By nature, we are optimists. In the current environment we are rather more confident based on our portfolio
Lionel de Hemptinne

Lionel de HemptinneCFOLuxempart

Luxempart’s focus is on the lower mid-cap segment, investing in funds that channel their capital into founder-led or family-led companies with enterprise values between a few million and $25m in Ebitda, typically entering at 5-8 times Ebitda with low leverage. They have little to do with the Nasdaq. This strategy mirrors their European approach and leverages on the strong entrepreneurial environment in the US.

Persistent discount in the share price

Luxempart noted that its share price increased by 7% in 2024, reaching €70.50 per share and outperforming the MSCI Europe Mid Cap index with a 4-year annualised return of 10.0% against 5.2% for its benchmark. Yet its shares still traded at a 38.5% discount to the Nav per share of €114.72, a persistent issue that Paperjam reported in 2024. It closed at 68€ on 27 March 2025.

At the end of 2024, Luxempart had €184m in financial liquidity and no financial debt, along with €200m in undrawn credit lines. It thinks that its liquidity profile provides flexibility for future opportunities and supporting portfolio companies. The board of directors proposes a gross dividend of €2.33 per share (+7.4%).

More confident than optimistic

“By nature, we are optimists.

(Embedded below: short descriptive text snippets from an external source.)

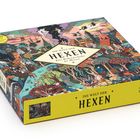 Schachtelaufdruck: "DIE WELT DER HEXEN". Illustration mit Wald, Gebäuden und Figuren. 1000 Teile Puzzle.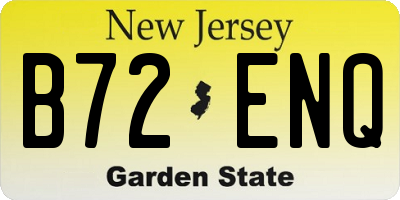 NJ license plate B72ENQ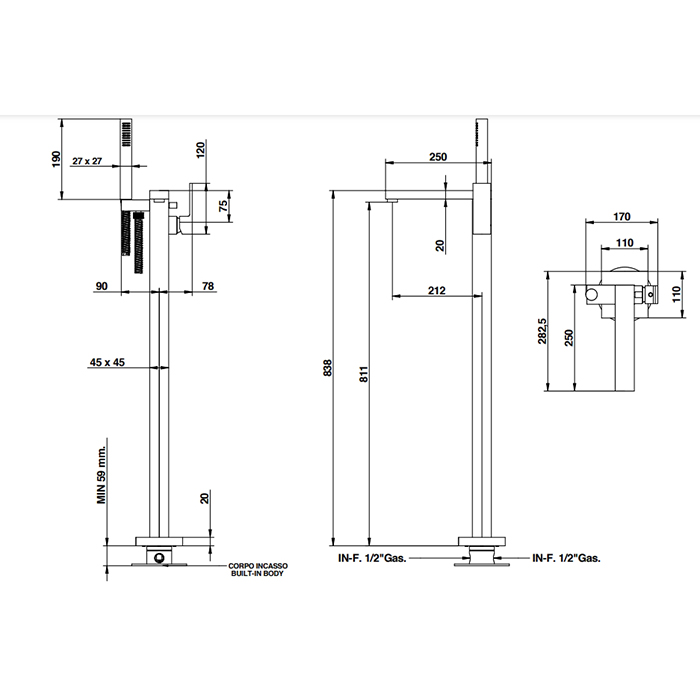 Bongio Line Смеситель для ванны с душем напольный, излив 21,2 см, цвет: хром 67534CR0DPREU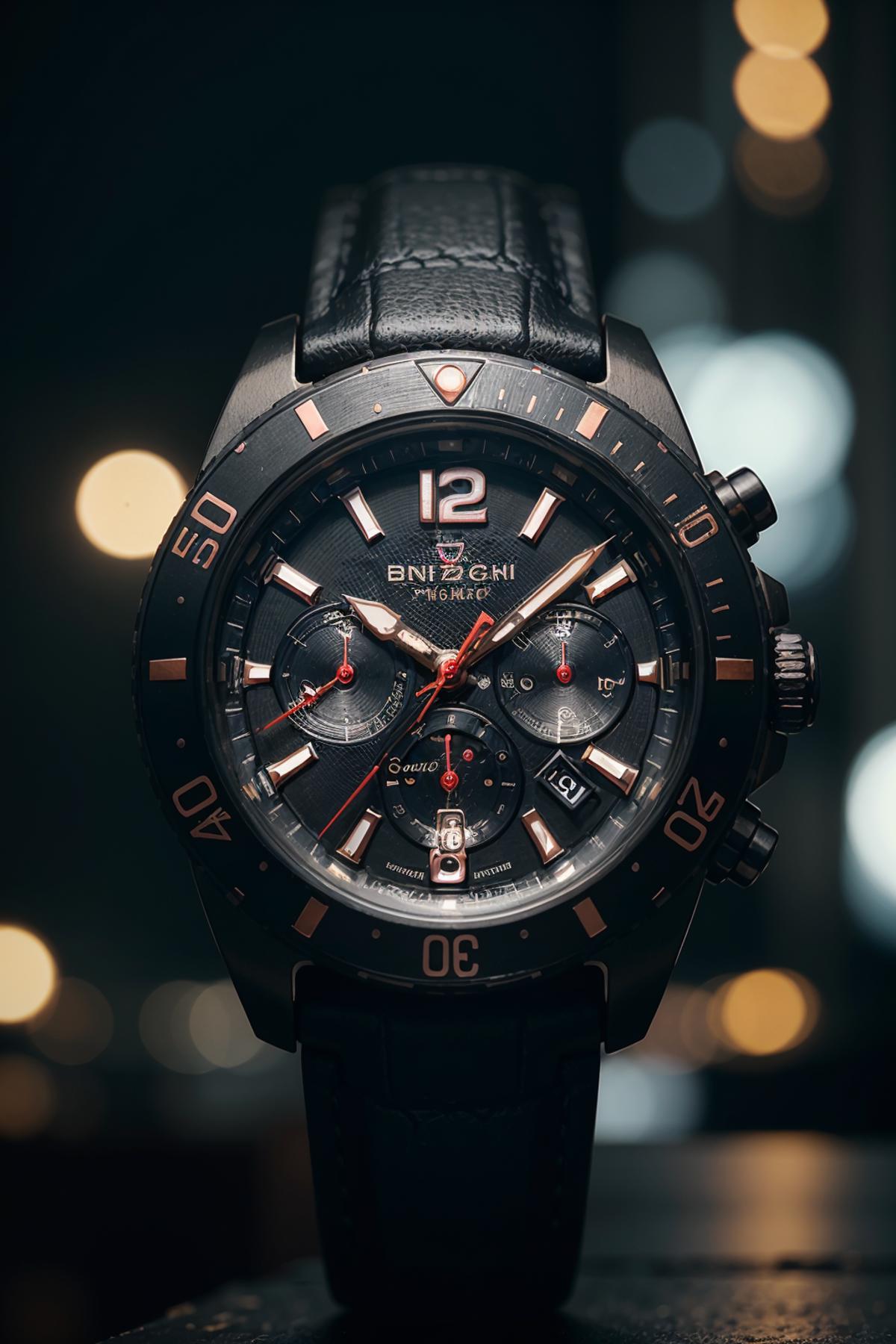 A close-up of a black Breguet GMT watch.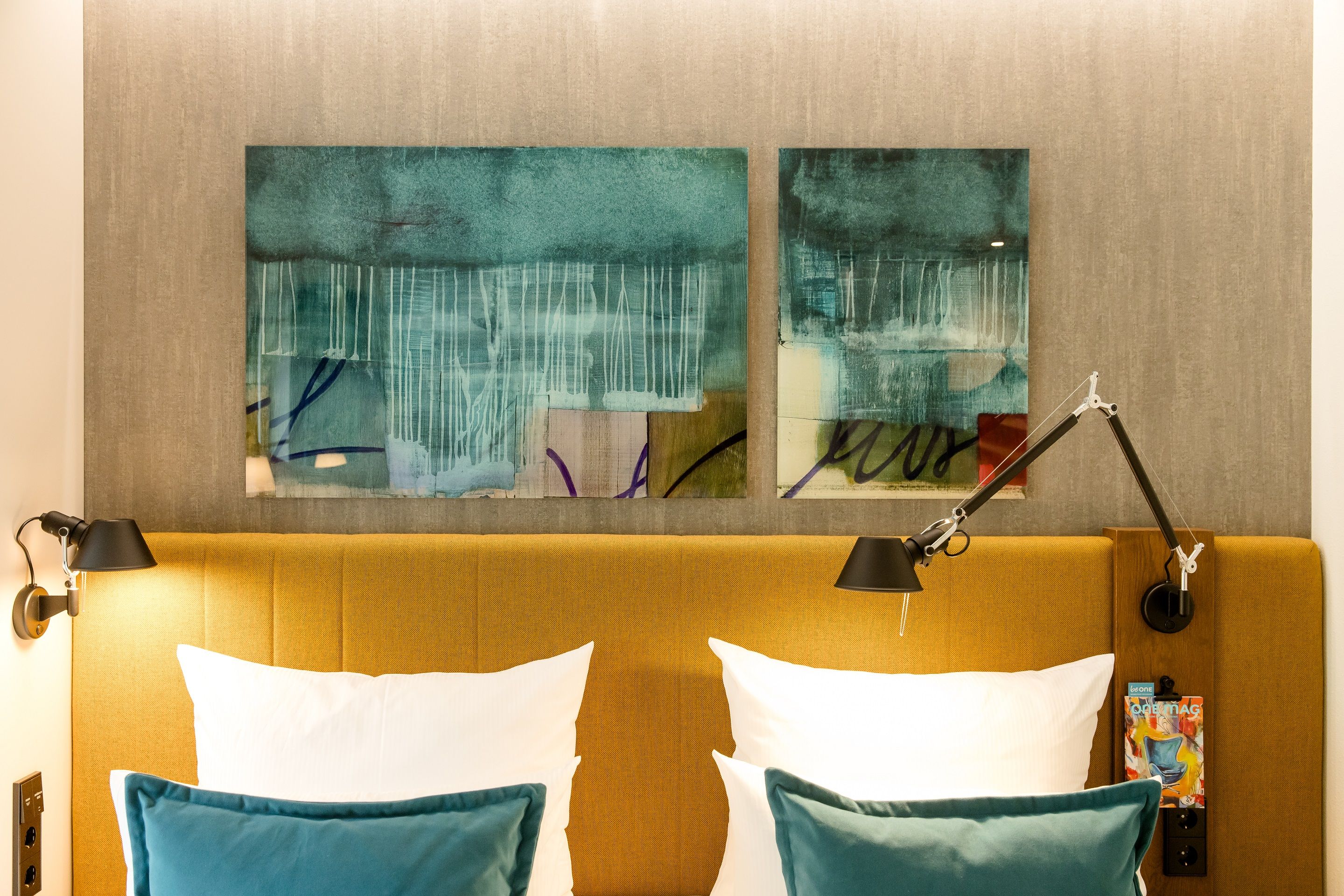 hotel Würzburg Motel One view of the headboard of a bed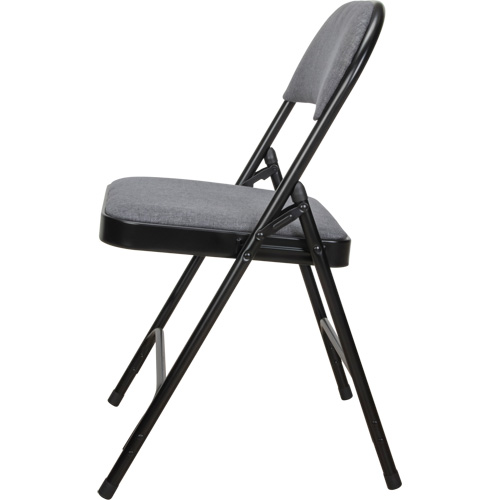 KLETON OR434 Deluxe Fabric Padded Folding Chair, Steel, Grey, 300 lbs. Weight Capacity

In the current environment we are rather more confident based on our portfolio,” said Lionel de Hemptinne, CFO at Luxempart. In its press release, Luxempart acknowledged global uncertainties stemming from US policies and the war in Ukraine. De Hemptinne thinks that its strategy to diversify into the US and its strong liquidity position are expected to help navigate these challenges and seize new opportunities.

In March 2025, Luxempart became a signatory of the UN Principles for Responsible Investment, emphasising its commitment to sustainability.